Muhammara, revisited

I don’t know why or when it hit me, but the other day, as I was laying in bed after lunch, I realized I had been struck with a case of homesickness. My stomach was in knots and my thoughts floated home, across the Atlantic. We were told by the Fulbright committee during our pre-departure orientation that this is common; I wasn’t worried. This period of longing, however gloomy, gave me time to clear my thoughts and get other work done. I took a trip with friends to the outskirts of Aleppo and also worked on programming — behind the scenes geeky stuff that secretly makes me happy.

sunset in the outskirts of Aleppo
sunset

As for my blog, I think it has also benefited from this period of thinking and rethinking. It has planted in me a new seed of enthusiasm and great ideas.

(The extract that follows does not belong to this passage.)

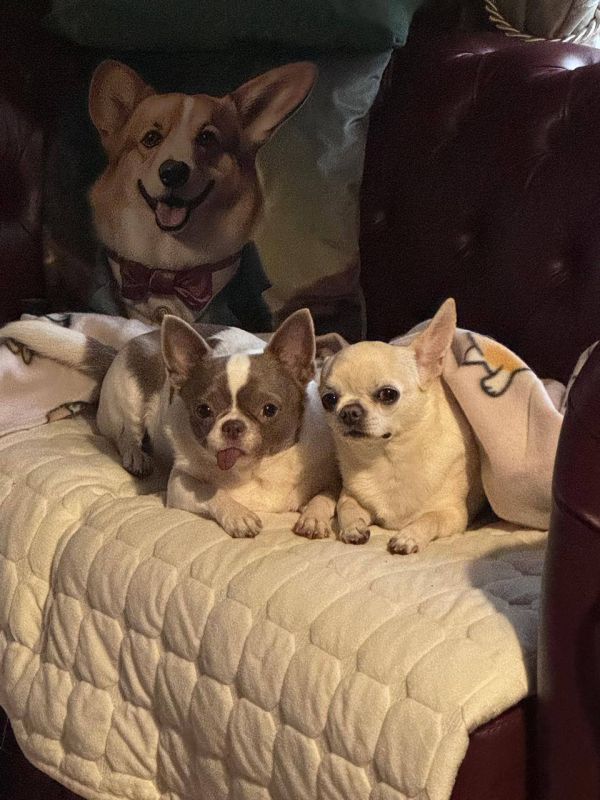 Владислав Пинаев: Доброго уютного вечера!. #выходные #семья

I consider my blog my baby. As of today, it is 3 years and 5 months old. It may sound strange to those who don’t blog, but I feel my blog has evolved over the years and has made me grow in ways I had never anticipated. My blog opened my eyes to web design and web development; it continuously fuels my immense passion for photography. My blog connects me to wonderful people and encourages me to try new foods and food techniques. It offers me a creative space to write and express my feelings in words, pictures, and videos. And although I have on-and-off spells where I feel unmotivated to produce, this is something I’ve realized is a part of life. I have learned to grow from these bursts of inspiration and grapple with the moments when my mind wanders and my stomach is in knots.

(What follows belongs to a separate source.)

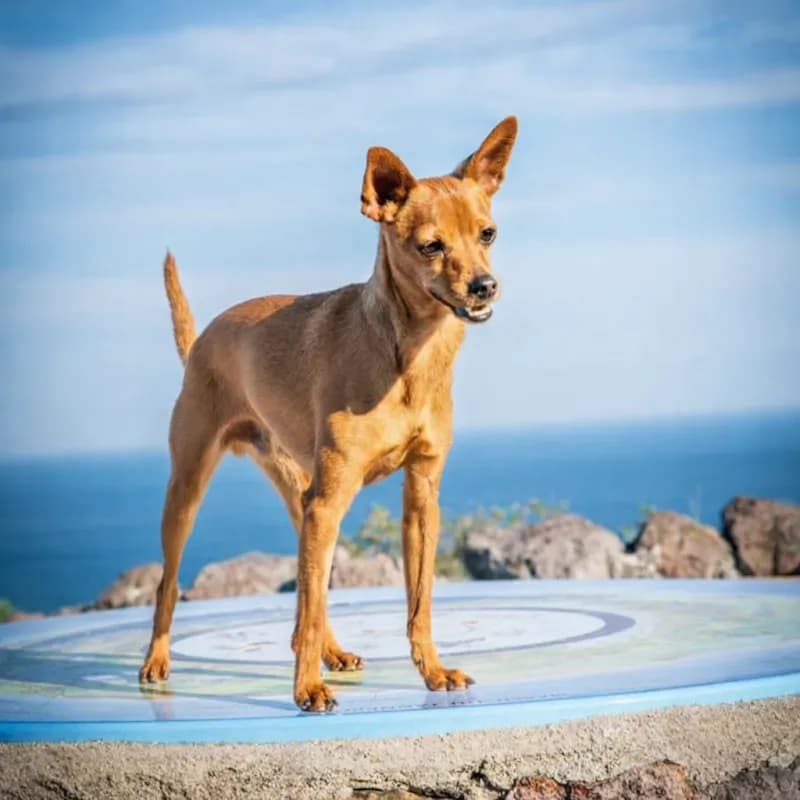 View of Parc forestier du San Peyre in Mandelieu-la-Napoule, PACA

One of the things that makes food blogging so appealing, I think, is the community it is built on. When I write a blog and post it on this tiny corner of the internet, I feel I am sharing stories and experiences with friends gathered around my dining room table. It’s an amazing feeling. It is real and intimate and funny and mushy and I love it. This is a metaphor that has stuck with me from early on, and one that has kept me focused on what my blog means to me. Thank you, always, for your encouragement.

Today, in celebration of rethinking, I want to share with you a recipe that I’ve blogged about before: Muhammara, a rich and tangy Middle Eastern spread of red peppers and chopped walnuts. It’s a spread that should never be missing from your refrigerator. My aunt cleans red peppers and keeps them in a bag in her freezer for on-the-fly muhammara. It’s a spread that you can put together in 5 minutes and tastes better if you prepare it the day before. The flavors meld and food magic happens. In Aleppo muhammara is commonly served as a side platter as part of the mezze spread, but I put in on almost everything. Sandwiches being my favorite so far. Just a light smear on the bread does the trick. Try it, and let me know.

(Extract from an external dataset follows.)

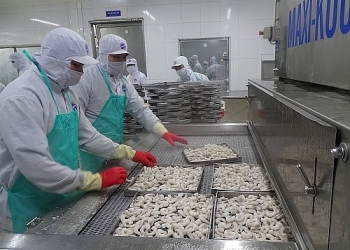 Cà Mau: Hỗ trợ giải quyết việc làm, đảm bảo an sinh xã hội cho người lao động trong mùa dịch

In the olden days, muhammara used to be considered a spread for royalty and the wealthy upperclass because of the ingredients required to make it. Walnuts and red peppers still aren’t cheap, but have become more accessible. Today the amount of walnuts you add to your muhammara has even become a pseudo status symbol.

Since we’re friends, and I know you won’t laugh (OK, you could laugh a little bit), I’ve also dug up this old video of me making muhammara for a Food Network audition. The video was filmed and produced by my very talented friend, Marilyn Rivchin, Senior Lecturer of Filmmaking at Cornell University. I didn’t get the part, but this clip reminds me of how much I love cooking.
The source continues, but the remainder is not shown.